NIP TUCK SEASON 1 STREAMING FULL
It is a critique of society’s drive for perfection wrapped in an exterior that’s reference-heavy, oddity-obsessed, superbly soundtracked, and full of steamy sex, shocking violence, and stunt casting.
NIP TUCK SEASON 1 STREAMING SERIAL
But the series was once so woven into the cultural conversation that a later-season promo that paired high-gloss baroque images with the hip-hop stylings of Kanye West screamed “this is a show with its finger on the pulse of pop culture.”Īs that clip suggests, Nip/Tuck is nothing short of fantastical: a serial medical drama that dabbles in elements of crime drama, black comedy, family drama, satire, and psychological thriller, all of which are evident in Murphy’s later works in a more apparent fashion. When that ended, however, the show receded into the background as the television landscape changed tremendously to one so overloaded with options that it became difficult to hold onto past gems living outside of streaming platforms. In fact, Nip/Tuck was the first off-network syndication deal cut by Netflix. While it originally aired on FX as part of the network’s move toward original programming that took risks, pushing the envelope of what could be shown on television, it would later find a home on Netflix in the company’s early days of streaming. But Nip/Tuck is the key to understanding what makes a “Ryan Murphy show”: genre-bending television that wraps its social issues in a sheer, shimmering glamour, its true intentions only becoming apparent upon a closer look.Īnd now thanks to the debut of FX on Hulu this month, viewers can once again take a closer look at all six seasons of Nip/Tuck. That saturation makes it easy to map out connections within Murphy’s oeuvre, especially given his penchant for frequently casting the same actors, or to find a through line from The Politician back to Glee back to Popular. Today, Murphy can lay claim to executive-producing - and in many cases, writing and directing - a dozen more series, including American Horror Story, The New Normal, Scream Queens, American Crime Story, Feud, 9-1-1, Pose, The Politician, 9-1-1: Lone Star, and the upcoming Ratched, Hollywood, and Halston, set to air over the next two years on Netflix at any given time over the last decade, he’s had no fewer than three shows on the air concurrently. Nip/Tuck, however, remains his most influential and important show you can see traces of it and its success in all of his subsequent works, of which there are many. It’s the obvious candidate for unlocking Murphy’s ascendance to household name.

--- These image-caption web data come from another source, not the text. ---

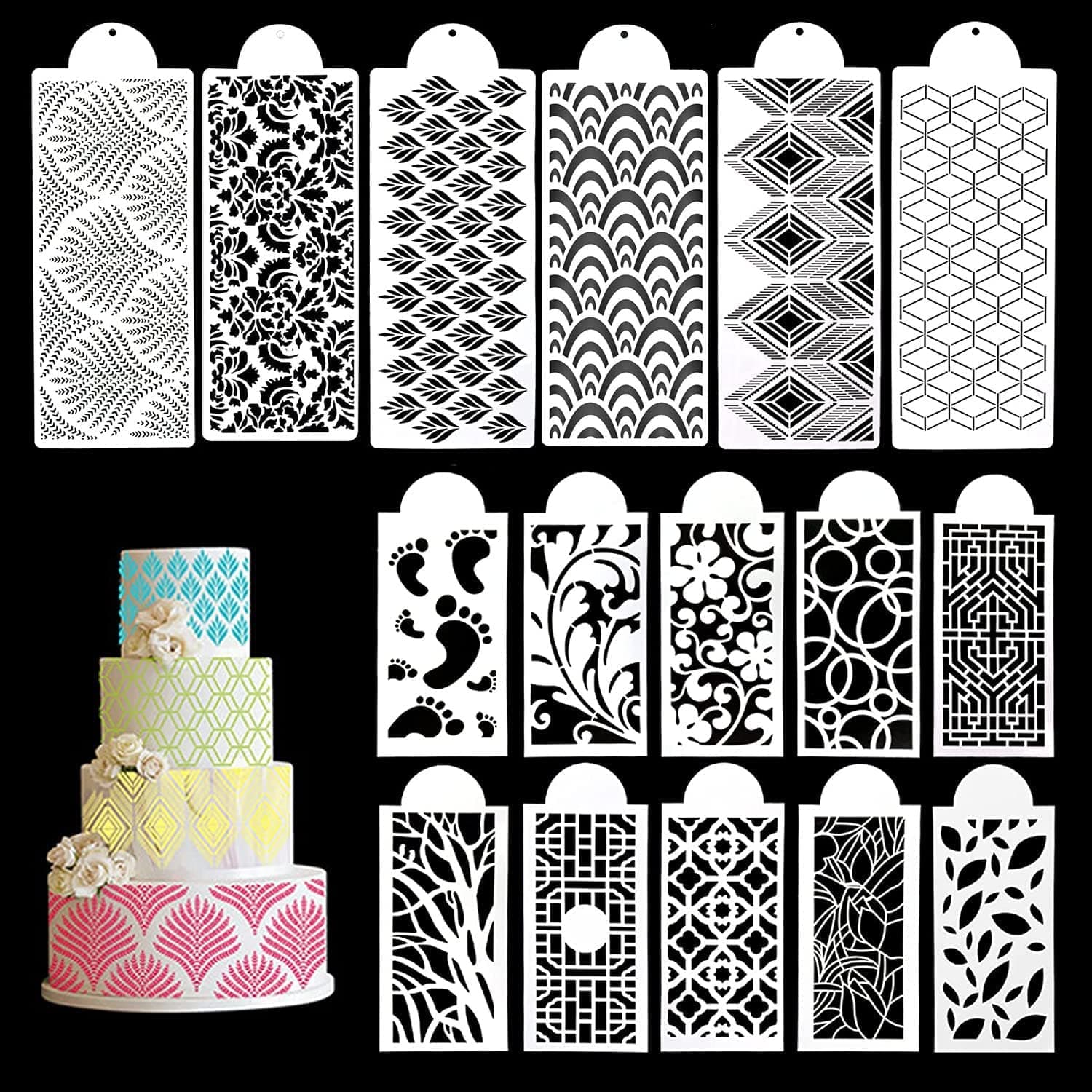 Kachi Pencil Cake Decorating Stencil - Zigzag Cake Stencils Design Templates - Pack of 16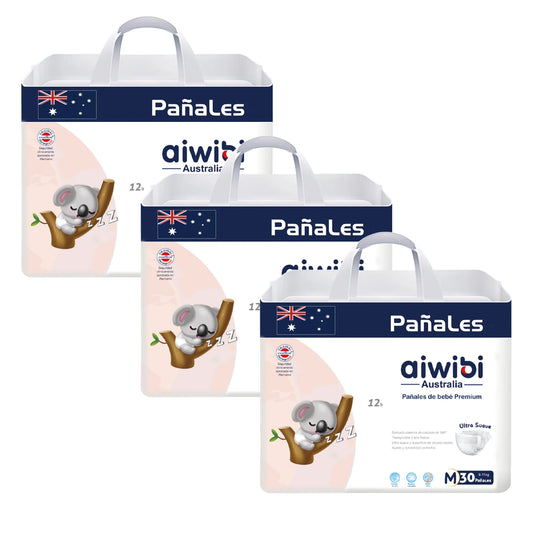 Pack 3 paquetes pañales Aiwibi bebé Premium Talla M - 90und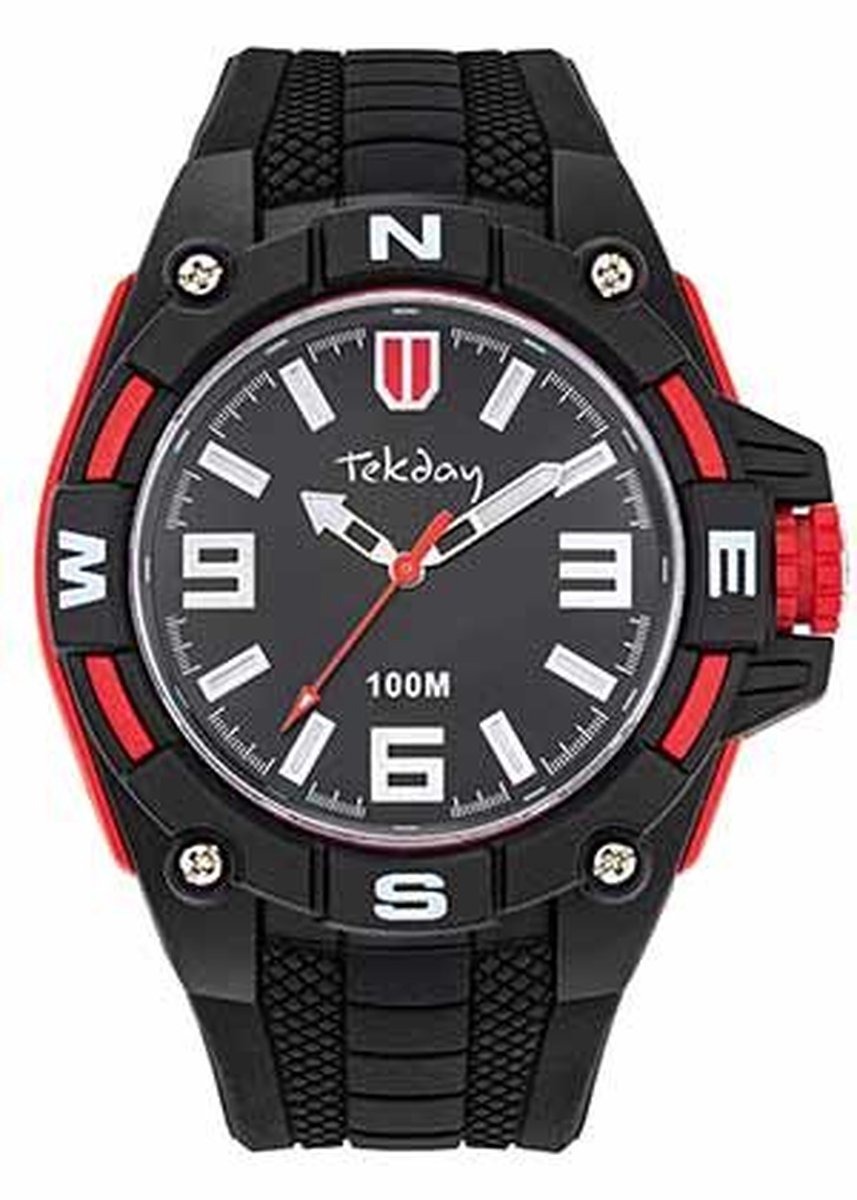 Tekday-Sportief robuust-Analoog heren horloge-Waterdicht-Zwart-rood-Silicone band-Fijn draagcomfort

NIP TUCK SEASON 1 STREAMING TV
After six seasons and 121 episodes, Glee left behind a legacy of impressive onscreen musical numbers featuring show tunes and chart hits, and a distracting offscreen history filled with scandals and tragedies among its young actors, both of which fueled the show’s fandom of “Gleeks,” who made it one of the most-tweeted-about TV shows in history.
Its out-of-the-gate success on Fox landed it on several critics’ best of 2009 lists, and earned it the highest finale rating for a new show in the 2009–10 season.
Glee, a show about a fictional high-school glee club from the Midwest, would go on to become Murphy’s most popular work and arguably the turning point in his career. Other than Popular (1999–2001), a WB teen dramedy that both satirized and stacked up with the likes of its network contemporary Dawson’s Creek, Murphy’s sole television credit was for an unsold pilot starring Delta Burke and Heather Matarazzo called St. In 2010, however, Murphy was only on the cusp of his television takeover. That overlap was a first for Murphy, but also a sign of what was to come for the now-prolific showrunner, christened by The New Yorker in 2018 as “ the most powerful man in TV” and “ king of the streaming boom” by Time in 2019. When it ended 100 episodes later in March of 2010, Murphy’s Glee was already well into its initial season. It’s difficult to recall a time when Ryan Murphy didn’t have a year-round presence on television, but that was the case in the early aughts when Nip/Tuck debuted on FX in July of 2003.